4

I have an application (game) that runs on JVM.

The game's update logic (which runs 60 times/s) finishes with about 25% used of it's "time-slice" (1/60s), then sleeps off the remaining 75%. But when the GC collector gets to run, it goes up to 75-200% and stays there for the rest of the execution.

the game uses about 70Mb of heap and grows about 1-2mb/s. When GC is run it goes back to 70Mb, so there are no true memory leaks. I will try to lower this number in the future, but it shouldn't be a problem in this scope.

I'm using JVM 8 with no runtime arguments or flags, not sure which GC that will give me.

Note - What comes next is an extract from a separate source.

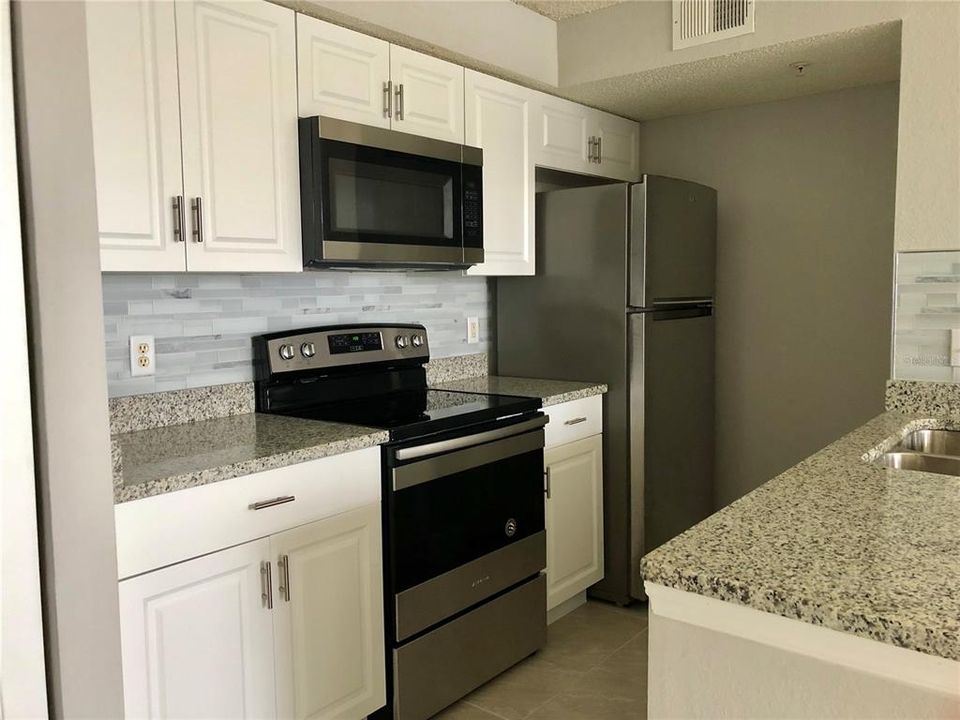 For Rent: $1,350 (1 beds, 1 baths, 762 Square Feet)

I've tried setting the heap to different sizes, but it does not affect this phenomena.

I have two theories as to why this may be:

  1. the GC unintentionally fragments my heap in a way that causes cache trashing in the update loop. I've got logic that benefits greatly from data proximity as it loops through it and updates it. Could it be that it shuffles some data to the old area while keeping some in the young (the nursery)?

  2. the sudden GC processing triggers my OS, making it realize that my main update tread doesn't need as much CPU resources as it currently has, lowering its priority. (However, the phenomenon persists even if I skip the thread.sleep() to sleep off unused CPU usage.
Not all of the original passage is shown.